Monthly edits by user class (in thousands).


[Consistently with the power law, we classified users using an exponential scale: we defined the classes of editors using powers of 10, e.g. 10^0, 10^1, 10^2. This resulted in five classes of users for each month: editors contributing 1 edit (i.e., 10^0), 2 to 9 edits (2-9 class), 10 to 99 (10-99 class), 100 to 999 (100-999 class), and more that 1000 edits (1000+ class).] Note that the classification of the editors was recalculated for each month.

Since the beginning of 2007, the trends of four classes slightly decrease their monthly edits. In contrast, only the highest-frequency class of editors (1000+ edits, dark blue line) shows an increase in their monthly edits.

Another way to look at this data is to analyze the relative amount of activities for each editor class by transforming the data into percentages of the total edits.
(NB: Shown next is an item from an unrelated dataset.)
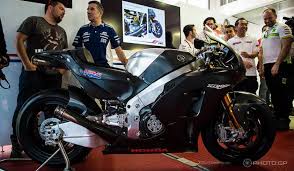 Honda Rcv1000r Hrc S Open Class Racer For Motogp Using A 999 5cc 90 V4 Engine Just Like The Rc213v The Rcv1000r Features The Same F Motogp Honda Bike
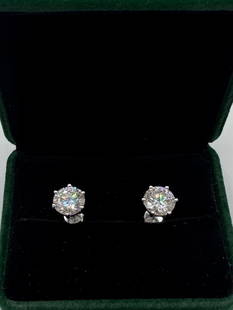 2 Carats VVS Earrings: 18k white Gold Plated on Sterling Silver Earrings Moissanite VVS1 Stone shape : Round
The figure below complements the information in the figure above by showing the percentage of the volume of edits that each class contributes in relation to the total.


Monthly percentage of edits by each user class.

The two highest frequency classes of editors account for more than half of the total monthly edits (56% from 01/2005 to 08/2008). Furthermore, since 2005 the proportion of contributions by the highest-frequency editor class has increased slightly. In fact, the editors in 1000+ class have kept producing at an increasing rate over the past four years (their average monthly edits per editor for the years 2005 to 2008 were 1740, 1859, 1869, and 2095, respectively).

We now focus on specific evidence about what might have contributed to such slowdown. Revert is the action of deleting a prior edit. The following figure shows the percentage of edits that were reverted (reverted edits) monthly for each editor class. Note that edits related to vandalism and edits performed by robots are excluded.


Monthly ratio of reverted edits by editor class

This illustrates two indicators of a growing resistance from the Wikipedia community to new content.

First, the figure shows that the total percentage of edits reverted increased steadily over the years. The total percentage of monthly reverted edits (see dashed black line) has steadily increased over the years for the all classes of editors (e.g. 2.9, 4.2, 4.9, and 5.8 percent of all edits for 2005 through 2008 as shown by the dash line).

Second, more interestingly, low-frequency or occasional editors experience a visibly greater resistance compared to high-frequency editors [see the top two reddish lines, as compared to other lines]. The disparity of treatment of new edits from editors of different classes has been widening steadily over the years at the expense of low-frequency editors.

We consider this as evidence of growing resistance from the Wikipedia community to new content, especially when the edits come from occasional editors.